Overview of all detected CD8-reactive epitopes at four different time points. For each recipient, the first and second (if applicable) transplantation is listed including the presence of the relevant HLA restriction in the graft received. In the resulting prediction of clinical outcome, the presence of CD8 T-cells against novel HLA-A3– and HLA-B7–restricted epitopes also was considered. Clinical outcome is defined as insulin independence (Ins Indep) or still requiring insulin (Ins Req), the coefficient of variation in fasting glycemia in the first 6 months (CV), and the time to reach insulin independence. NA, not applicable.

#All experiments were performed blinded from clinical outcome.

*Non-HLA-A2–restricted T-cell responses (W.W.U., J.H.V. et al., unpublished observations).

†This patient cytomegalovirus-converted upon transplantation.

Previously, we reported that proliferation of CD4+ T-cells to whole IA-2 and GAD65 before transplantation predicted transplantation outcome (14). For comparison, the prediction of clinical outcome based on this proliferation assay was also taken into consideration (Table 3). Prediction based on proliferation of islet-specific CD4 T-cells pointed toward four patients not reaching insulin independence. For three patients, there was agreement in the prediction by both immunological end points.

The Diab-Q-kit predicted that six recipients would remain insulin requiring, of which four actually required exogenous insulin injection. Thus, this method showed a prediction accuracy of 66%. The prediction of clinical outcome based on proliferation (14) predicted insulin requirement in four case subjects, of which three were correct (accuracy of 75%). However, when both methods agreed in their prediction, all transplant recipients remained insulin requiring after transplantation, and thus the combined method provided an accuracy of 100%, underlining the importance of monitoring CD8+ T-cell frequencies.

Our study is the first to implement simultaneous detection of multiple islet cell–specific CD8+ T-cell responses, by development of the Diab-Q-kit. To this purpose, multidimensional encoded MHC multimers were used. Recently, their use was extensively validated and shown to be a powerful tool to parallel detect antigen-specific T-cells (28). Here, we determined the sensitivity and specificity of previously reported HLA-A2 restricted epitopes (15,,18,20) in recent-onset type 1 diabetic patients, their siblings, control blood donors, and islet cell transplant recipients. Insulin B10–18 was found to be 100% specific, as no CD8+ T-cell frequencies of >1 in 10,000 cells were seen in PBMCs from healthy control subjects. Although this also holds true for IGRP265–273 and IA-2797–805, CD8+ T-cells recognizing insulin B10–18 showed the highest sensitivity of these epitopes.

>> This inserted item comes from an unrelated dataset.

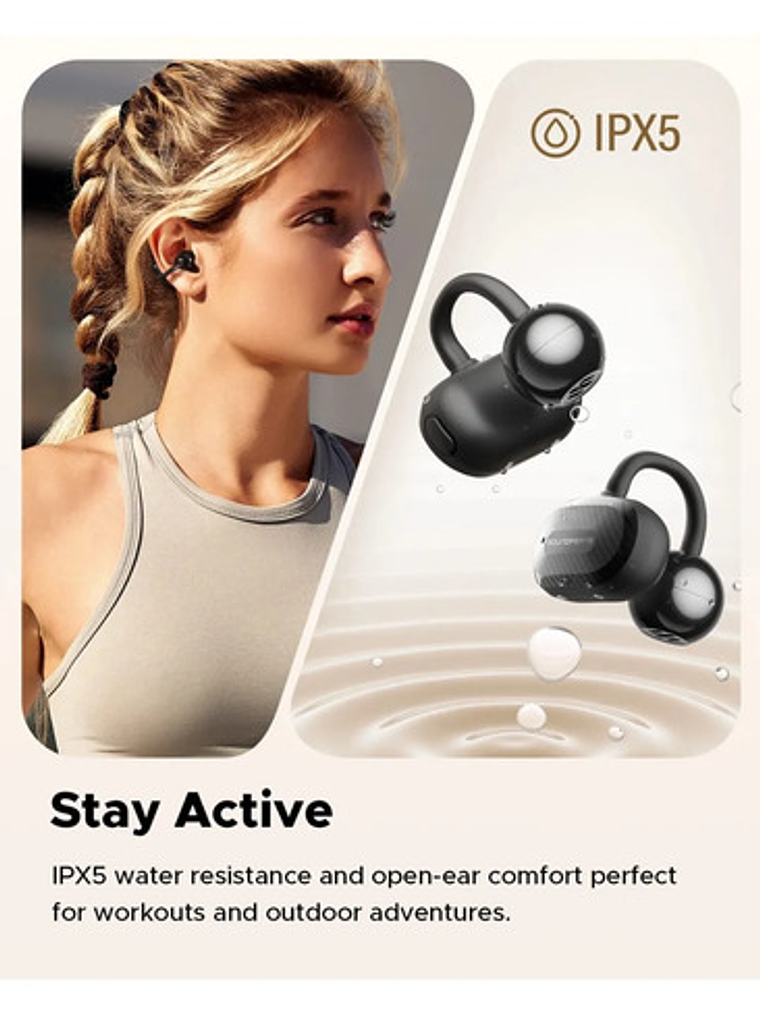 Audífonos Soundpeats Clip1, Open Ear, Bluetooth 5.4, Hi Res 9
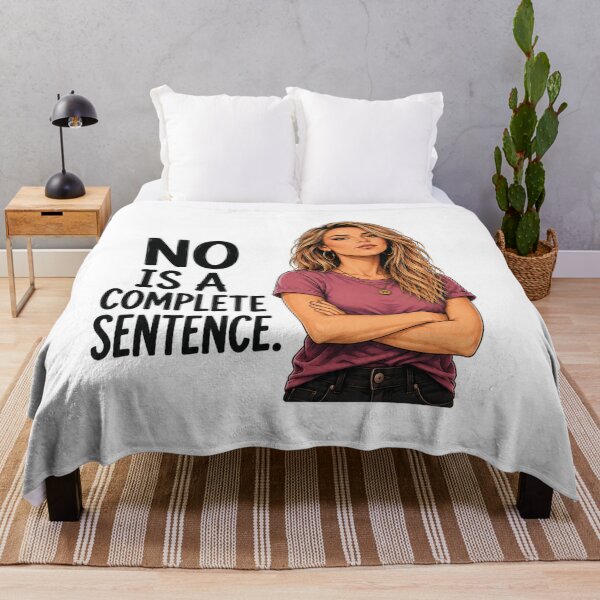 Item preview, No Is a Complete Sentence designed and sold by AbstractAnom.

The relevance of insulin B10–18 in type 1 diabetes is underlined by previously published observations that PBMCs from a type 1 diabetic patient produced interferon-γ in response to this peptide (31), that expression of insulin B10–18 renders target cells sensitive to killing by CTL lines (32), and, most importantly, that the presence of insulin B10–18-specific CD8+ T-cells correlates with destruction of β-cells (15). As the transplantation of isolated islet cells can result in reactivation of CD8+ T-cell–mediated autoreactivity toward islet cell–specific epitopes, peripheral blood from islet cell transplantation recipients can be used to monitor the factors important in β-cell destruction. Also in this cohort, the presence of insulin B10–18-reactive CD8+ T-cells after transplantation correlated with a poor clinical outcome, with the exception of the cytomegalovirus-converted recipient.

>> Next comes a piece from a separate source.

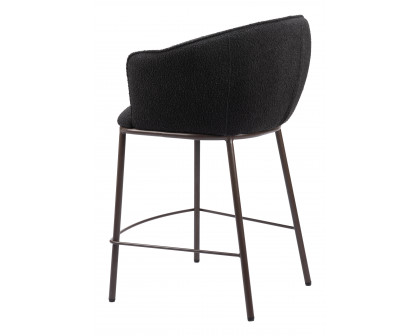 ZUO Essen Counter Stool - Black/Bronze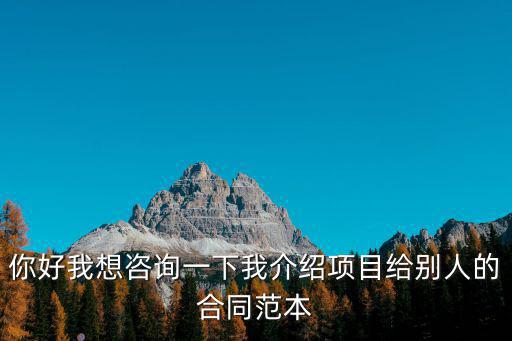 項(xiàng)目咨詢合同模板，如果能提供管理咨詢服務(wù)方面的合同范本就更好了謝謝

Recently, we reported PPI15–24 as a naturally produced and presented HLA-A2 epitope (16). Cytotoxic CD8+ T-cells against this peptide could be cloned that killed β-cells in vitro in a glucose concentration–dependent fashion, linking β-cell immunogenicity with its functional activity (16). This study underscores the relevance of CD8 islet autoreactivity in the pathogenesis of type 1 diabetes, and it indicates that β-cells are actively involved in their own demise. Interestingly, this PPI epitope provided the highest sensitivity (85%) combined with a specificity of 73%. All but one HLA-A2–positive islet cell recipient exhibited increased frequencies against PPI15–24 at a time point after transplantation. Of these patients, half did not reach insulin independence after transplantation.

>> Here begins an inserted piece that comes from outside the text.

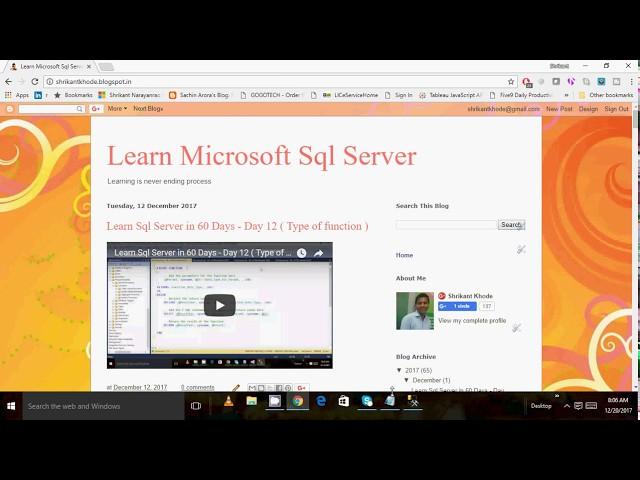 Day 13 of 60 - Views in sql server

The HLA-A2–restricted islet epitopes IA-2797–805, GAD65114–123, IGRP265–273, and ppIAPP5–13 also exhibited a highly specific staining, with only incidental reactivity in healthy control subjects. In contrast to previously reported results (18), we did not observe any CD8+ T-cells reactive to IA-2797–805 in healthy control subjects. However, we performed a direct assessment of the CD8+ T-cell frequency in PBMCs, rather than functional assays, whereas Takahashi et al. (18) cultured CD8+ cells for 14 days with autologous APC expressing the IA-2 peptide and a cocktail of cytokines. Their observations may therefore be influenced by in vitro phenomena.

Reactivity to IA-2797–805, GAD65114–123, and IGRP265–273 were almost exclusively seen in combination with reactivities to insulin B10–18 and/or PPI15–24, suggesting that PPI epitopes may comprise the primary epitopes after reactivation of autoimmunity upon islet cell transplantation, whereas reactivity to the other may result from epitope spreading.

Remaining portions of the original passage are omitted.